One could imagine if house-design software becomes sufficiently advanced, you could dispense with the architect as well. Someone who wants a house could just log onto a website, identify the site where the house is to be built, and specify a bunch of constraints and preferences, and then the backend software generates a bunch of house plans. The customer choses the one they like and pay the money, then a building permit is applied for and a printing machine and work crew show up on site and assemble a house that's unique and exactly suited to its site.
“Not using an architect” can have benefits. Among them not having to deal with an architect. However, improved aesthetics is often not among them. Same for functionality.
The advantage of an architect is that you won’t get what you think you want.
In the comment you're replying to, I was thinking of the "architect" being basically replaced by a software package that designs the whole house based on the required criteria. Any aesthetic judgments are encoded in the software's heuristics, and the range of available styles are basically part of the brand of the company responsible for this house-designing-and-building service.
Allowing people to directly design their own house using CAD software is also an option. I think on average it would turn out okay most of the time. People have a pretty good incentive to design the spaces they live in well for they way they intend to use them.
This is as misguided as every iteration of no-code through programming history. All such tools promised to allow people without coding knowledge to create software. The result is the tools are used by disgruntled programmers who are now faced with a tool that is not friendly to other tools like version control. It has happened several times before and it is happening again now.
You can not automate problem solving until someone creates GAI.
Thinking that all a programmer does is write code or all an architect does is draw walls is an insult to each profession. The primary attribution of both is to decipher what the client actually wants from limited descriptions and to problem solve.
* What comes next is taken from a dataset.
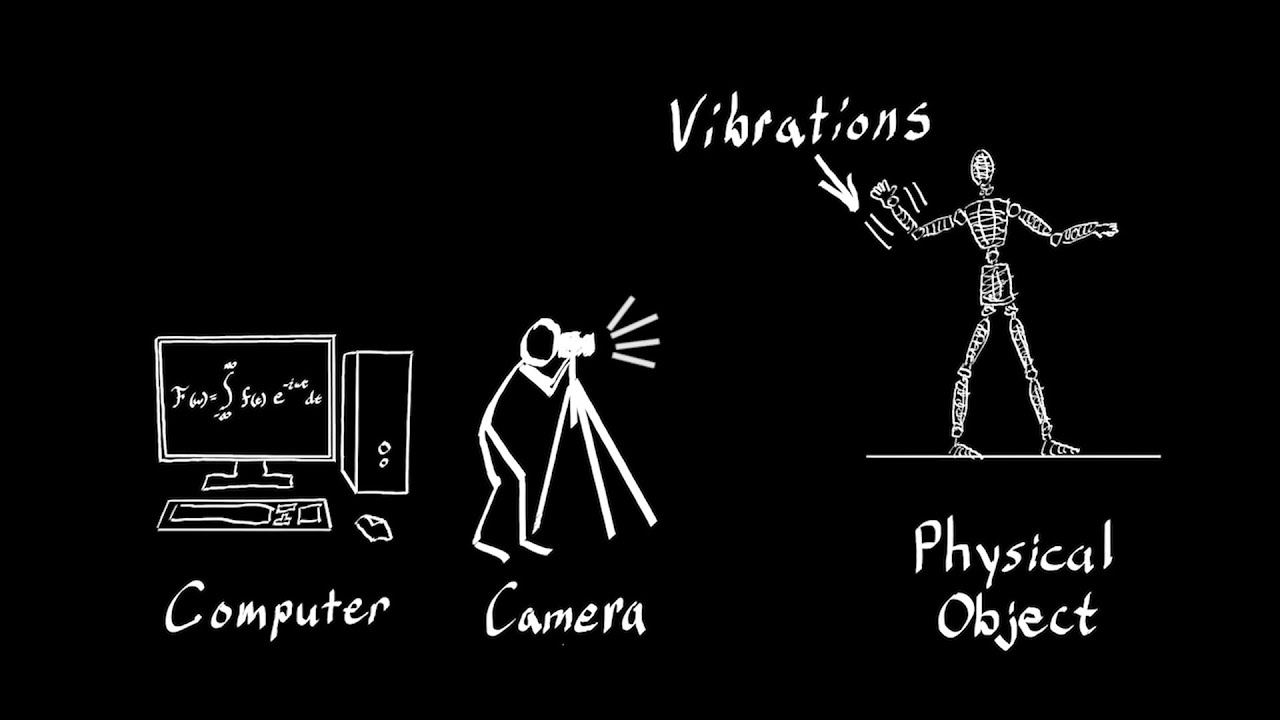 Interactive Dynamic Video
Leaning on the culture part, I am sure we would find some great cost savings by improving human waste removed. Contaminating drinkable water is such a bad use for this and sewage is a huge part of the services part mentioned.
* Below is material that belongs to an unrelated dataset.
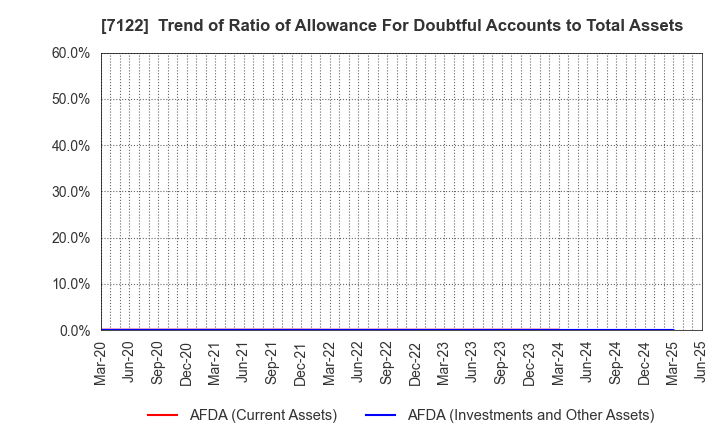 7122 THE KINKI SHARYO CO.,LTD.: Trend of Ratio of Allowance For Doubtful Accounts to Total Assets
I’m very fearful of the incentives that come with making infrastructure easier and cheaper to install. We already have issues around sprawl, which is a gigantic waste of resources. Making it easier for people to extend their last miles puts an undue strain on the system and the environment.
Maybe centering such infrastructure around self containment would prevent some of that but in itself seems wasteful (everyone needs their own water pump, sewage system and electrical generation management equipment?)
This is also a complex cultural problem here as well because even though there are obvious ways of making even comparisons such as time and money spent before receiving a use permit the culture of construction likes to focus on a single innovation while leaving the rest out. There is a modular apartment building near me that took only hours to assemble from the component modules. However, doing that took many months of site preparation and module delivery and after the several hours construction it has still been months to get finishing done, construct sidewalks, and the rest. Without some general agreement about how to measure construction costs and time it is easy to present innovations that are either minor improvements or actually steps backward.